--- START ---

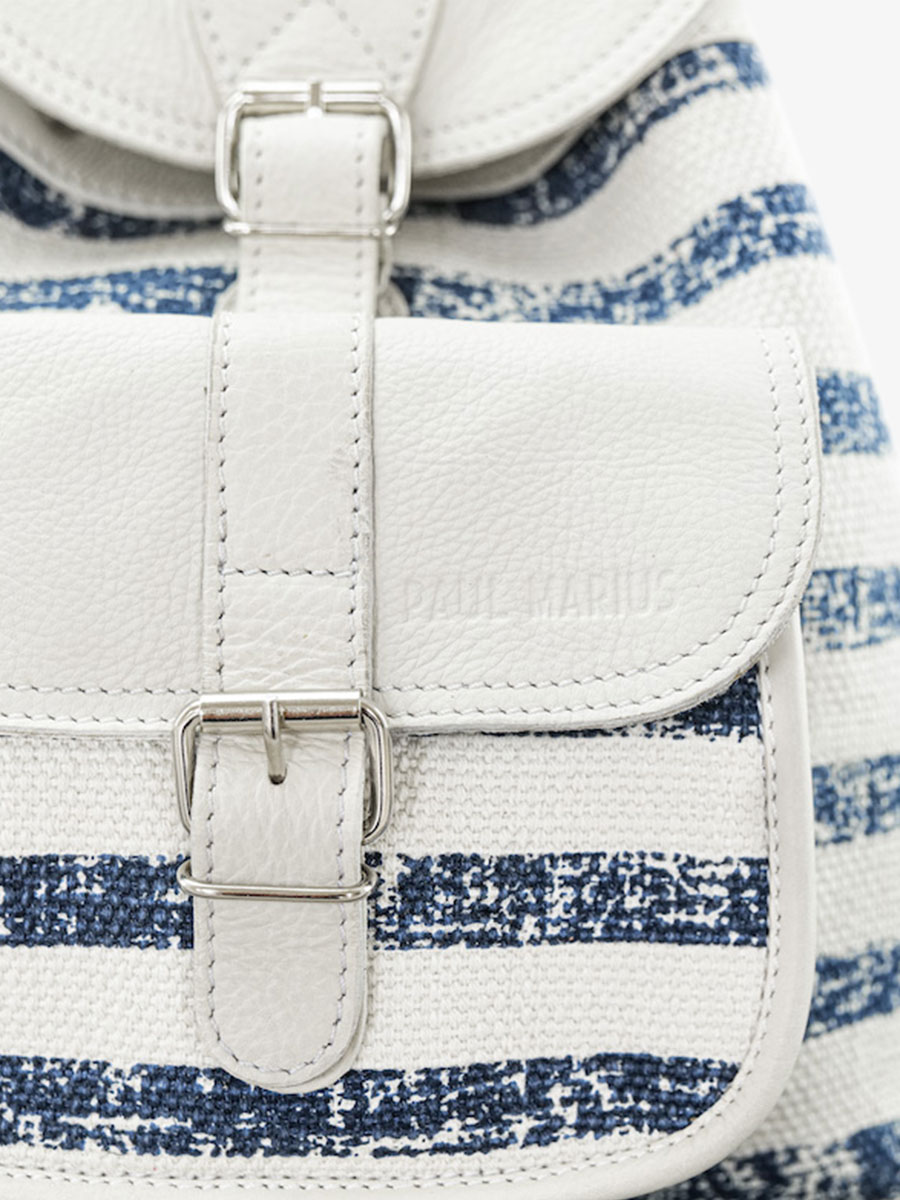 Foto-Material-Rucksack-Leder-Damen-blau-weiß-LeBaroudeur-Côte Ouest-Mariniere-Paul Marius-M40-CNV-BLU-W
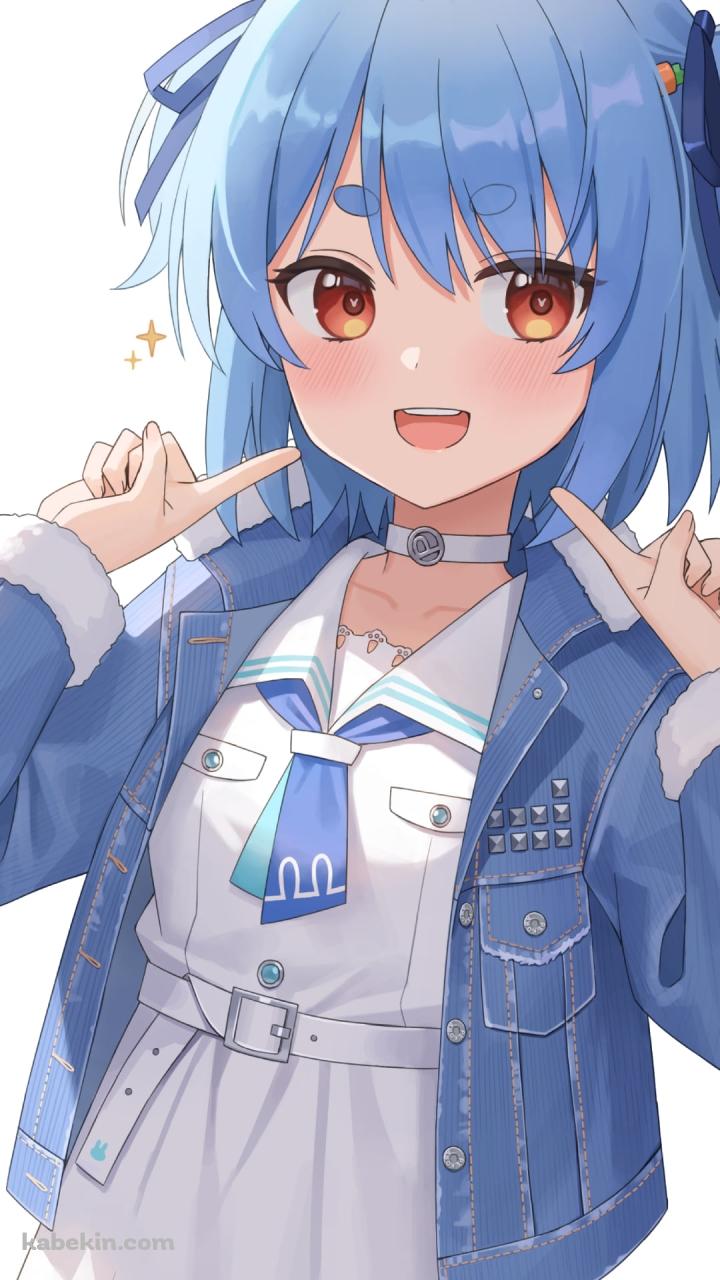 指で顔をさす笑顔の兎田ぺこら / ホロライブ / バーチャルYouTuber / VtuberのAndroidの壁紙(720px x 1280px) スマホ用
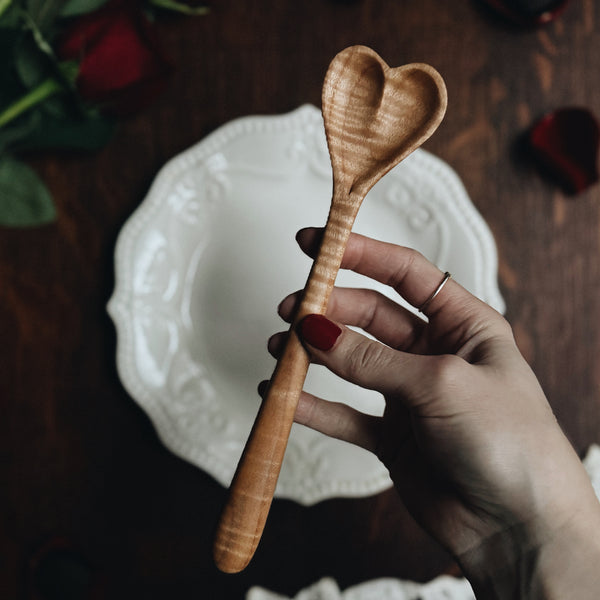 RTS Heart Spoon G, Fancy Tiger Maple
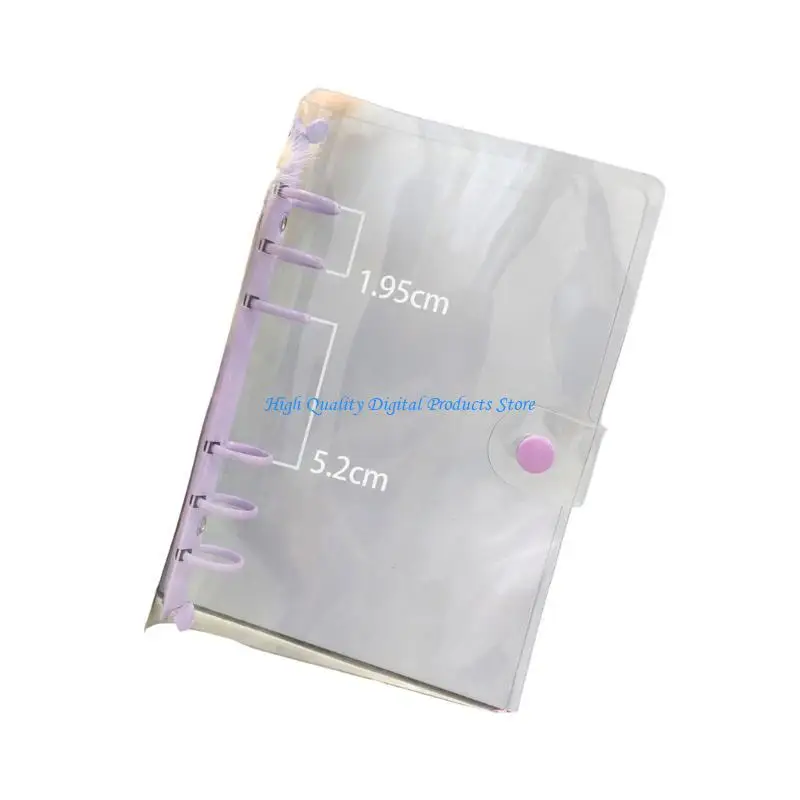 U2JE A 6 Clear Binder 6 Rings Binder Binder Soft Binding Covering Covering Round Round Ring Binder for Notebook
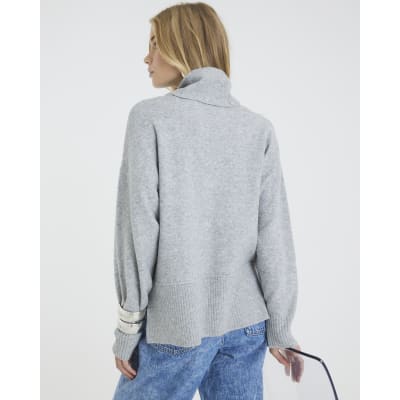 Grey Knitted Neck Tie Jumper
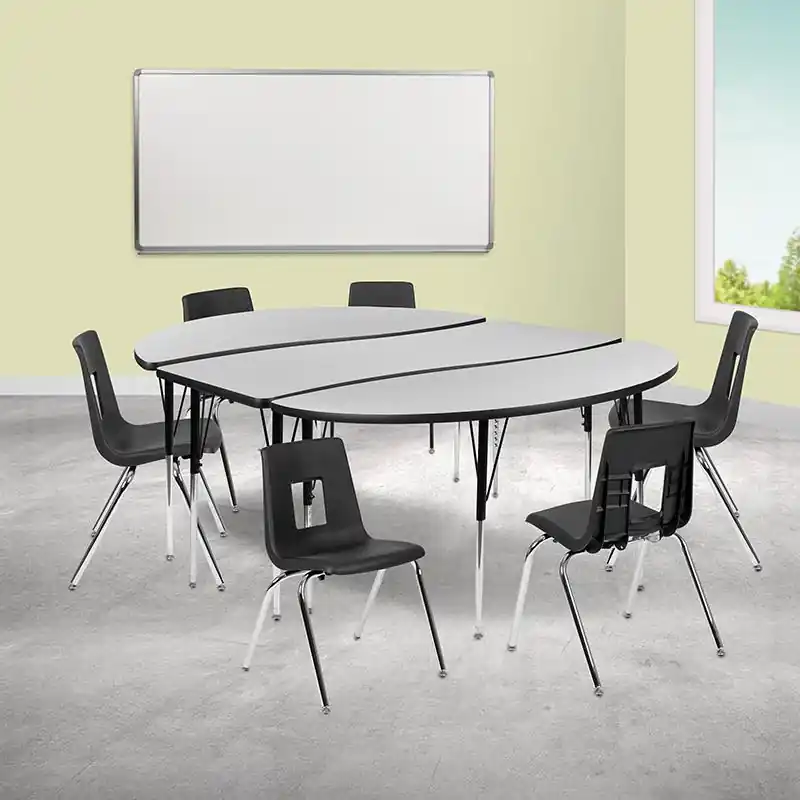 86" Oval Wave Collaborative Laminate Activity Table Set With 18" Student Stack Chairs, Grey/Black By Flash Furniture - Grey Top Rated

--- END ---

What the task requires:
The expected result is every record above, word for word, with no pictures in it.

Exercise response:
 Foto-Material-Rucksack-Leder-Damen-blau-weiß-LeBaroudeur-Côte Ouest-Mariniere-Paul Marius-M40-CNV-BLU-W
 指で顔をさす笑顔の兎田ぺこら / ホロライブ / バーチャルYouTuber / VtuberのAndroidの壁紙(720px x 1280px) スマホ用
 RTS Heart Spoon G, Fancy Tiger Maple
 U2JE A 6 Clear Binder 6 Rings Binder Binder Soft Binding Covering Covering Round Round Ring Binder for Notebook
 Grey Knitted Neck Tie Jumper
 86" Oval Wave Collaborative Laminate Activity Table Set With 18" Student Stack Chairs, Grey/Black By Flash Furniture - Grey Top Rated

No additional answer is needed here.